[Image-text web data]
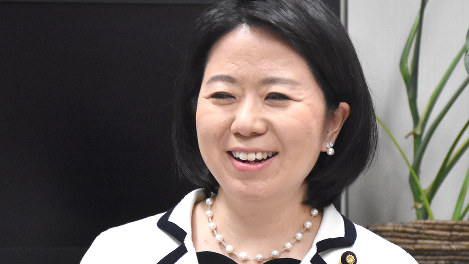 自見英子氏＝須藤孝撮影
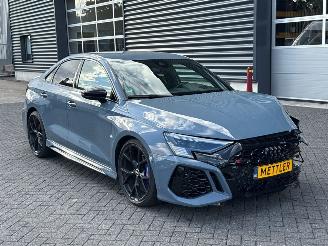 Schadeauto Audi Rs3 Limousine  Keramisch 2.5 TFSI 20V Quattro Sedan 4Dr Benzine 2.480cc 294kW (400pk) 4x4 2022/3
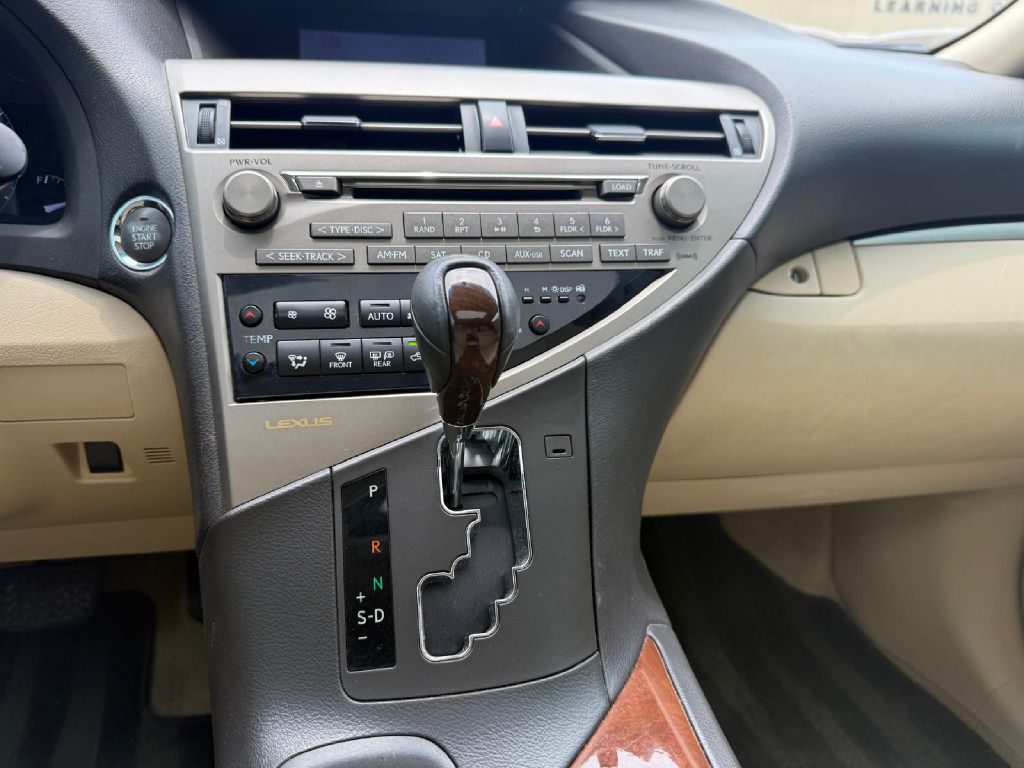 Photo 18 of this LEXUS RX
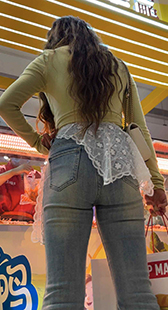 长发紧身牛仔紧臀少妇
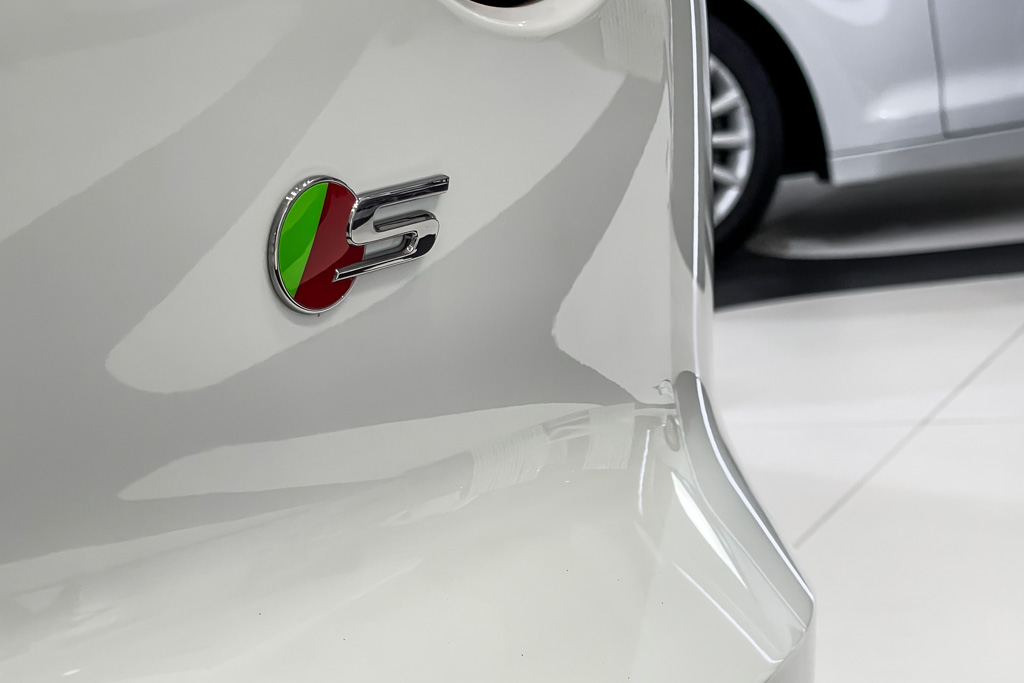 Jaguar F-Type V8 S convertible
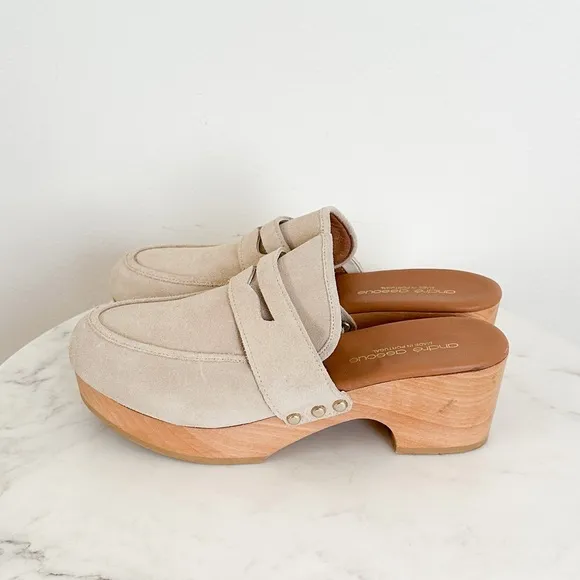 NEW André Assous Soraya Suede Clog Loafer Mule Ivory Size 10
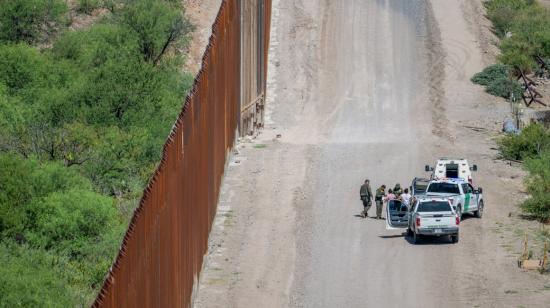 Imagen referencial. La patrulla fronteriza intercepta a migrantes que acaban de cruzar la frontera entre Estados Unidos y México, 26 de junio de 2024.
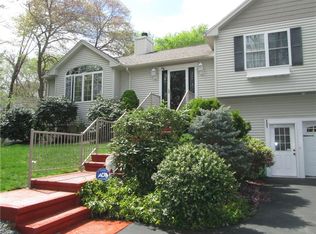 221 Twin River Rd, Lincoln, RI 02865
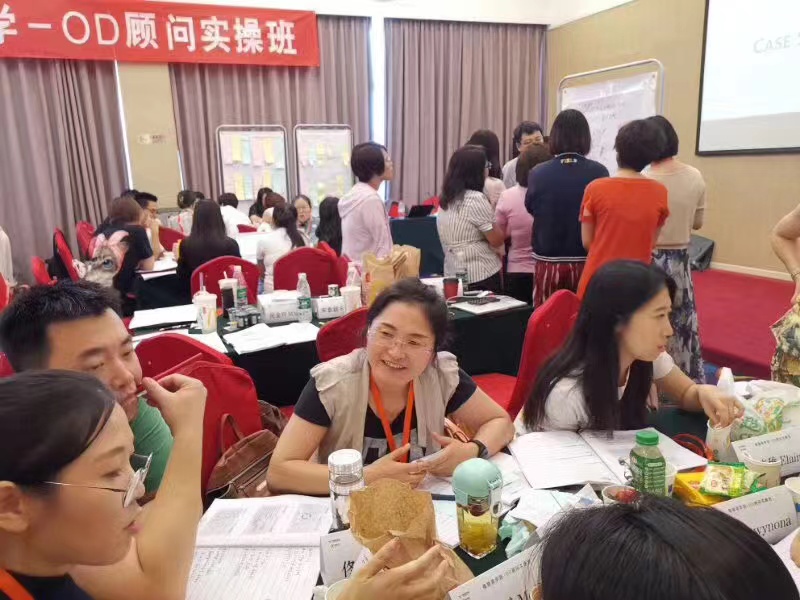 伊恩老师在中国工作的照片花絮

What you should do: Give again, word for word, only the lines that run from the top of the data above through the line with "NEW André Assous". Drop the pictures.

Written solution:
 自見英子氏＝須藤孝撮影
 Schadeauto Audi Rs3 Limousine  Keramisch 2.5 TFSI 20V Quattro Sedan 4Dr Benzine 2.480cc 294kW (400pk) 4x4 2022/3
 Photo 18 of this LEXUS RX
 长发紧身牛仔紧臀少妇
 Jaguar F-Type V8 S convertible
 NEW André Assous Soraya Suede Clog Loafer Mule Ivory Size 10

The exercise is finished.